WHAT YOU NEED TO DO: Starting at the line that contains "CCTV5手机版线直播开启 体育赛事观看方式再升级", set down each line exactly until the records end, keeping both ends and adding nothing.
(RECORDS SUPPLIED)
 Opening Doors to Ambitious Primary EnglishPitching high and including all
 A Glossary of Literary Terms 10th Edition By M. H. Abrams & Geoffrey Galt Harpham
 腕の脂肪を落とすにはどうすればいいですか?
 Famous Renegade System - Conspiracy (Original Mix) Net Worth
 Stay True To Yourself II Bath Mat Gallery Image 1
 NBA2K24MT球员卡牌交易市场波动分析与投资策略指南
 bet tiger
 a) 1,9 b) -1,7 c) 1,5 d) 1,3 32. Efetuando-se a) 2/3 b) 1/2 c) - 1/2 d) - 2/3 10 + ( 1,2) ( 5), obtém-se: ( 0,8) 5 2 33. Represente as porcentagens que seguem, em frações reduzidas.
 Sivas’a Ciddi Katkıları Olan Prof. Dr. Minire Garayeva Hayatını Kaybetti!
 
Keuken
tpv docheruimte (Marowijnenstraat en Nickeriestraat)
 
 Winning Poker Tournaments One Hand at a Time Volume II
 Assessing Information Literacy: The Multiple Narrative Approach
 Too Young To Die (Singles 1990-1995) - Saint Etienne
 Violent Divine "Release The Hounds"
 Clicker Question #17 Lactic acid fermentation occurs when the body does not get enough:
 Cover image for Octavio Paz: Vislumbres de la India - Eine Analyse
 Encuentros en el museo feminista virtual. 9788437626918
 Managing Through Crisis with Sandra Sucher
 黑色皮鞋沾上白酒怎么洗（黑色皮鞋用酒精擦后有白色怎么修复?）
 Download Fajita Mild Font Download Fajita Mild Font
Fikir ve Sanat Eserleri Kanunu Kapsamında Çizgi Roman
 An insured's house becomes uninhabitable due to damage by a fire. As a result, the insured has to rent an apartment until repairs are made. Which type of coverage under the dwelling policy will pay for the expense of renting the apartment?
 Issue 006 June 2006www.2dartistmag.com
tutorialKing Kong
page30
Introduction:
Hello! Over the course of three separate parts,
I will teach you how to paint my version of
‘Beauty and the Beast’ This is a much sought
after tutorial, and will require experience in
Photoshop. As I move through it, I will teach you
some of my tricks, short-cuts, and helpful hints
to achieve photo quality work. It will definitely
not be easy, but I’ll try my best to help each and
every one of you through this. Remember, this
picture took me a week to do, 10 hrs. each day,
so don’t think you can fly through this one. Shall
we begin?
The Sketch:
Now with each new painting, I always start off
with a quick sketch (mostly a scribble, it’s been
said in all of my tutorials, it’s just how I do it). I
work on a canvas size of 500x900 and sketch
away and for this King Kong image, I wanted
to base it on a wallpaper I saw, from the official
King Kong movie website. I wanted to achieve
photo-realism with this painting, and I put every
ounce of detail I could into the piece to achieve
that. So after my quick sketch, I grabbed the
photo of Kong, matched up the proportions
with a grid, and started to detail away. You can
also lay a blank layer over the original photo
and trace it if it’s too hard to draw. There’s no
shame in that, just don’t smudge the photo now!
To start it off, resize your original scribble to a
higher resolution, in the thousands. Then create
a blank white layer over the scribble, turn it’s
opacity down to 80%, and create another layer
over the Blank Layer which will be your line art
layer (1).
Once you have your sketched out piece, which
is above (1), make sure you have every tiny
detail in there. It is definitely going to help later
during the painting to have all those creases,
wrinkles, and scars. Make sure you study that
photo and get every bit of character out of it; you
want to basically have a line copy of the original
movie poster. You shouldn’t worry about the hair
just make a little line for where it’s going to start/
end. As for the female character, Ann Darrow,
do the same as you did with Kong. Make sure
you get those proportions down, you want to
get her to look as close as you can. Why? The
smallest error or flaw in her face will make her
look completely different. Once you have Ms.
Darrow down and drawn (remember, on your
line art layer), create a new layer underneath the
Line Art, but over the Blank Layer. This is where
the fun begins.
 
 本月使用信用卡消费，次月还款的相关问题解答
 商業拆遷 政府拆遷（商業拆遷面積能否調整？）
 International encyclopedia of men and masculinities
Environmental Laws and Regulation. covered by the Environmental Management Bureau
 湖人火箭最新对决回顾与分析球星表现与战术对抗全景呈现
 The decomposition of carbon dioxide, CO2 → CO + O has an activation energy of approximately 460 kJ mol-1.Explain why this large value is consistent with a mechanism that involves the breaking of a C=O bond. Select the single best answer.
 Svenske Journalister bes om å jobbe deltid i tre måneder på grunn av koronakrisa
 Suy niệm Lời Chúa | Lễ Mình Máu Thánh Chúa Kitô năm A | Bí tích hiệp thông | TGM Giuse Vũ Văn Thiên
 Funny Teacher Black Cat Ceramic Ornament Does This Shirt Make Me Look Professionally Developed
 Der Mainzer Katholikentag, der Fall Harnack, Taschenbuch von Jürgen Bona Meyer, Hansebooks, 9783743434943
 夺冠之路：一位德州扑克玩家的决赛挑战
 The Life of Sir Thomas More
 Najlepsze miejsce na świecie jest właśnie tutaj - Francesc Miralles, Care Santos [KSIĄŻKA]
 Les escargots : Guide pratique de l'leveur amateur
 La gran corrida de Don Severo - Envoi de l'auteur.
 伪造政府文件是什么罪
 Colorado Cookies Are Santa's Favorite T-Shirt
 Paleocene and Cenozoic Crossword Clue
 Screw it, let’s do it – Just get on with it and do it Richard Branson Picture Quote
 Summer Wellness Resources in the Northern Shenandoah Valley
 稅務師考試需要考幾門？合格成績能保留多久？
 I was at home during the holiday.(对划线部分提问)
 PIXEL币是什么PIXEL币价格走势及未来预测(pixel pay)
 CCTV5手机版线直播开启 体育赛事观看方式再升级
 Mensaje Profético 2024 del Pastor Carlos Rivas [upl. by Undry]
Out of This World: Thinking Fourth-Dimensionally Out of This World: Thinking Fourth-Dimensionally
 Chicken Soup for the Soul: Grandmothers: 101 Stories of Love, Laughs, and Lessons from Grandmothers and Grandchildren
(End RECORDS SUPPLIED)
ANSWER:
 CCTV5手机版线直播开启 体育赛事观看方式再升级
 Mensaje Profético 2024 del Pastor Carlos Rivas [upl. by Undry]
Out of This World: Thinking Fourth-Dimensionally Out of This World: Thinking Fourth-Dimensionally
 Chicken Soup for the Soul: Grandmothers: 101 Stories of Love, Laughs, and Lessons from Grandmothers and Grandchildren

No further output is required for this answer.